An important example for the local development of theatrum posse is the Ernst Kirchweger Haus. EKH, or Volxtheater, was founded by “political activists interested in theater” who wanted to “make theater a vessel for activism.” The concept consisted
of a collective, anti-hierarchical political focus that was clearly anti-racist, anti-sexist, and anti-nationalistic. Müller reported on how the Volxtheater actors experimented with demonstrating against the government when it changed in February 2000 by taking their show to the streets—an “art of the protest wave against the ÖVP/FPÖ Government.”
The next year saw the establishment of the VolxTheater Caravan, allowing the show to tour internationally. The author explains that the first tour went from Austria, through Slovenia and to Italy where the G8 Summit was taking place in Genoa. The arrest of 25 caravan activists was omitted. Further forms of theatrum posse global are visible in movements critical of globalization, such as the strategies of the Sans Papiers, migration politics activists and Kanak Attack.

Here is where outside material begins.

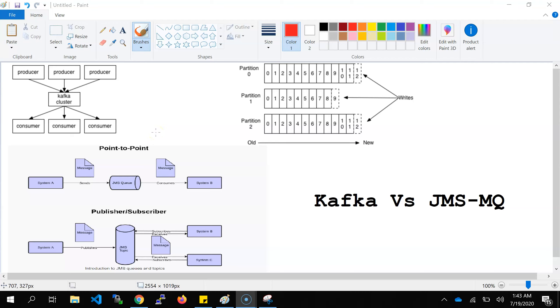Hello friends, welcome back to my YouTube channel. In this video, I am going to discuss the difference between Kafka and JMS MQ.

The third section considers the ‘queering’ of heteronormative theater and presents queer politics similar to those seen in Riot Grrrls, Pink Block and Transgender Warriors. Müller’s book is a good read in which she presents theatrical science and philosophical theoretical approaches. The many practices that fall under the umbrella of “Possen des performativen” profit from Müller’s theater and political experiences, such as those from the Volxtheater and the Volxtheater Caravan.
Ad Posse:
Theater and politics meet in the term ‘posse’ as a playground
of the real, the possible, the comical and the performative. The creative, anarchistic, theatrical conflict and antagonism are found in the verb, which enables people performative ability. Posse refers fundamentally to the performative theatrical-political power of action. The performative subversion of the Theatrum Posse touches upon a queered possibility of criticizing representations and power relationships, shifting contexts and rise up through one’s own queer speech actions.

ad Volxtheaterkarawane:
The creation of counter-publicities through media projects, discussions and Volxtheater doesn’t mean that making pictures and depicting of predecessors is bound to actions with political projects, concrete requirements and goals. Many attempts fall flat or confirm prejudices of well-intended education of accumulative production of pictures. The level of quality is enhanced with romantic theory and practical chaos and becomes to some extent comprehensible as the worth of the experience and the experiments, exchange, and contentions are tried out in practical organizational forms. At the end of the project the important questions arises: What does one’s own action mean? How can networking, cooperation and political organizations be improved? How can agents of politics, patriarchal power-holders and repetition of hierarchical structures be prevented? How effective is the agitation of political groups, the requirements of capital, state and imposed patriarchy as a function in the system which is usually considered only as an itchiness. Are there possibilities for change without constantly banging ones head against the wall or getting bopped on the head by the state? And how can the “posse” obtain its potential power?

Ad Queer:
Interest in others and acknowledgment of how people differ from one another are at the base of my theory of Theatrum Posse as well as Queer-Theory. The other is bound together with the other actors and viewers. Judith Butler and others have shown in theory and in practice that the deconstruction of identity does not need to mean the abolition of politics. The postmodern is falling back into private lives, and the performative subversion of cross-dressing and parties is tapering. Politics as the sphere of business and of the wielding of power must always be constructed anew and tried out. In this context the city, the stage and other places are important public spaces of conflict.